Il cerchio che si trova all’interno di questo contiene i giorni della settimana, o meglio solo le iniziali, spagnole, maiuscole, M, M, L, D, S, V, J, ciascuna all’interno di un cerchietto con fondo chiaro e bordo scuro.
Finalmente, nel cerchio più interno, ci sono le ore del giorno, anche se in effetti è difficile distinguere le lancette che le indicano, sia perché sono piccole sia perché si confondono con quelle più lunghe e con le loro stesse ombre.
Mentre i numeri del giorno del mese e le iniziali del giorno della settimana restano verticali su tutto il quadrante, le ore vengono ruotate in maniera tale da avere la base rivolta sempre verso il centro. Insomma, mentre mentre la scritta che indica le ore XII è l’unica verticale nel verso giusto, la scritta che indica le ore VI è capovolta.

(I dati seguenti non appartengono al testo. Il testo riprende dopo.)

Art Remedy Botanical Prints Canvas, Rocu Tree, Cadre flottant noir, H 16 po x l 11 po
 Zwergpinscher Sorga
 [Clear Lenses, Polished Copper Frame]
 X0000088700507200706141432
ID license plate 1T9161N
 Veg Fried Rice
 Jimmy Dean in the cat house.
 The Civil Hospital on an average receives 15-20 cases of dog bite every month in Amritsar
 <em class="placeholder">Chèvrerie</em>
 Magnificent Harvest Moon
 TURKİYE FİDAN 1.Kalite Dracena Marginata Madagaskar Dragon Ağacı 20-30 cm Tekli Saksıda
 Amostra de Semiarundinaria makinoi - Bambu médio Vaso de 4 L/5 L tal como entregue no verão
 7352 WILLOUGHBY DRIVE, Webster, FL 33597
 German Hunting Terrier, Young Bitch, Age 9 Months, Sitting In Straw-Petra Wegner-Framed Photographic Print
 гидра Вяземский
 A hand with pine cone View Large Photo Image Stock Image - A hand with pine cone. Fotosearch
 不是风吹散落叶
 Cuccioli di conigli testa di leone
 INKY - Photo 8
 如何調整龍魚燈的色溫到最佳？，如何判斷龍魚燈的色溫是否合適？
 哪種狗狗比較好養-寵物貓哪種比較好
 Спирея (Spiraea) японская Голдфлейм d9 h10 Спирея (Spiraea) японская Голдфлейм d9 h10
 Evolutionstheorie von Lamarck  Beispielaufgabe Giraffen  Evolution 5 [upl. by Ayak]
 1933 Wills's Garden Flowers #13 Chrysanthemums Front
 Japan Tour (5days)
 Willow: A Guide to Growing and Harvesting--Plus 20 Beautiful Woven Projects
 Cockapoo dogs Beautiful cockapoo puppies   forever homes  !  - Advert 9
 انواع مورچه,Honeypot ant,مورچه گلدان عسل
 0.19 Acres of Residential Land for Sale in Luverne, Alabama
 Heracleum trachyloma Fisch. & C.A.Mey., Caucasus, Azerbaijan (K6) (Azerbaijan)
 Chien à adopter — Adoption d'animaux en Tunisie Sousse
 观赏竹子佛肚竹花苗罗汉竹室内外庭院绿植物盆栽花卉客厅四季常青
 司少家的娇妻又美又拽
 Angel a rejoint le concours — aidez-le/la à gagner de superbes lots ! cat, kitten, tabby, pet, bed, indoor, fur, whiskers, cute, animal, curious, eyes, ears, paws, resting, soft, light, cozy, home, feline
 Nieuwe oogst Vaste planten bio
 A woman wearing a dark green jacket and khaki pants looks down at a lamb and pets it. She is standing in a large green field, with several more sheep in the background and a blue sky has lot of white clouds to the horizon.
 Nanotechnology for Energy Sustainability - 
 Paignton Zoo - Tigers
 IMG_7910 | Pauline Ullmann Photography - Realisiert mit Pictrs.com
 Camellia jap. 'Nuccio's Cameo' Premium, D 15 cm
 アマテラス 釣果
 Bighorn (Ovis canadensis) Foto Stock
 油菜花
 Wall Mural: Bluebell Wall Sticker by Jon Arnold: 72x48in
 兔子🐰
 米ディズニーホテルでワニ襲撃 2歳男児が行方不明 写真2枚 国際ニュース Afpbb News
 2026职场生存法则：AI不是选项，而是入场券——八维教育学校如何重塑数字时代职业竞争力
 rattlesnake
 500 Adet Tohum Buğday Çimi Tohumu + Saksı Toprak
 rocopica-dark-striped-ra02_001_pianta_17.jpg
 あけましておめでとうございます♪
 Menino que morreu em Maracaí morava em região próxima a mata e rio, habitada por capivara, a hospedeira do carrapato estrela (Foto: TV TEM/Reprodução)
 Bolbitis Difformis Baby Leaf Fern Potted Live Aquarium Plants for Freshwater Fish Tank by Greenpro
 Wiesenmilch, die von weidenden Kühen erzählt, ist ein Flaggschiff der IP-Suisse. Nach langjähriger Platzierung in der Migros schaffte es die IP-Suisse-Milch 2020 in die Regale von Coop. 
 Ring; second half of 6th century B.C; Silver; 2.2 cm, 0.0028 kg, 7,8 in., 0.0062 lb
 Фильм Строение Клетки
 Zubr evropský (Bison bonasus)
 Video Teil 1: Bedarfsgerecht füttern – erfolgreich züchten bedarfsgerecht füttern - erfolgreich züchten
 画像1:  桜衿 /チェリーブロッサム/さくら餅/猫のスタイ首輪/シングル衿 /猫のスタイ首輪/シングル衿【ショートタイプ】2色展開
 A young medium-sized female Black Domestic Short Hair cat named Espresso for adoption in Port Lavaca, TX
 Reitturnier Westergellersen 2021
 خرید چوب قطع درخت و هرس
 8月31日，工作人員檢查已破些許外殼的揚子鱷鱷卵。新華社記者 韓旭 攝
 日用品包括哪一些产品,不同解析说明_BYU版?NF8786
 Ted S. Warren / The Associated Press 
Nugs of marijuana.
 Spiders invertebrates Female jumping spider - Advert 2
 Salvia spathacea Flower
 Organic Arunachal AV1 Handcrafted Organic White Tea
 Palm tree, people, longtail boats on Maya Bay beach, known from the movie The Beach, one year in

Ma il dettaglio che ha più colpito la mia attenzione è la scritta sottostante: “ANO1887”, in caratteri molto grandi.
La particolarità è che le estremità superiori e inferiori delle aste sono biforcute, e le due grazie sono arricciate.
Il numero 8 è diviso in due parti le cui grazie si toccano a metà strada.
Ho provato a vedere se i siti per il riconoscimento automatico dei caratteri mi portano a qualcosa di simile, ma non ci si avvicinano neanche lontanamente.
Mentre oggi i caratteri tipografici si possono utilizzare anche per fare scritte enormi, sulle insegne ma non solo, ai vecchi tempi i caratteri tipografici standard si usavano solo per la stampa di libri o al massimo manifesti. Per tutti gli altri usi le lettere venivano tracciate o disegnate a mano, a volte sulla base di modelli. In gran parte tutto quel materiale non è stato mai digitalizzato.
Una caratteristica della scritta su questo campanile è che la A ha il trattino centrale a forma di V. Qualcosa che si vede spesso nelle iscrizioni dei secoli passati. E che in effetti rientra tra le caratteristiche insolite catalogate dal sito Identifont. Soltanto che i font che vengono elencati dal sito sono una manciata.
Evidentemente in epoca digitale è una caratteristica che non interessa quasi nessuno.
Passando solo il numero 7 al Matcherator di Font Squirrel viene fuori una lista di font che forse hanno le stesse metriche, larghezza e spessore, ma le estremità terminano nella forma consueta.
Cercando col What The Font di My Fonts invece, in mezzo a tanti risultati che non c’entrano niente, ne troviamo uno che si avvicina a quello che cerchiamo: Relic Island 1 Regular, di Jehansyah, un font il cui prezzo base è di appena 8 euro e 42. Evidentemente la richiesta è minima.
Qui tutte le estremità sono biforcute con grazie arricciate a spirale. Ogni lettera ha anche due trattini orizzontali che spuntano a destra e sinistra delle aste, a un quarto dell’altezza, oltre a vari ornamenti arricciati che spuntano qua e là.
Il 7 ha anche un tratto orizzontale a mezza altezza. Il numero 1 ha il trattino obliquo che in realtà è curvo, ad allargarsi verso sinistra.
La descrizione non dice da dove è stata tratta l’ispirazione.
La fonderia addirittura è indonesiana!
Tra i risultati curiosi trovo anche l’MFC Patisserie Monogram, di Monogram Fonts Co., che pure ha le estremità basate sul concetto di due riccioli che si allontanano in direzioni opposte. In questo caso però il font è disegnato sulla base di principi calligrafici, ed è pensato per i monogrammi, non per le insegne sui campanili.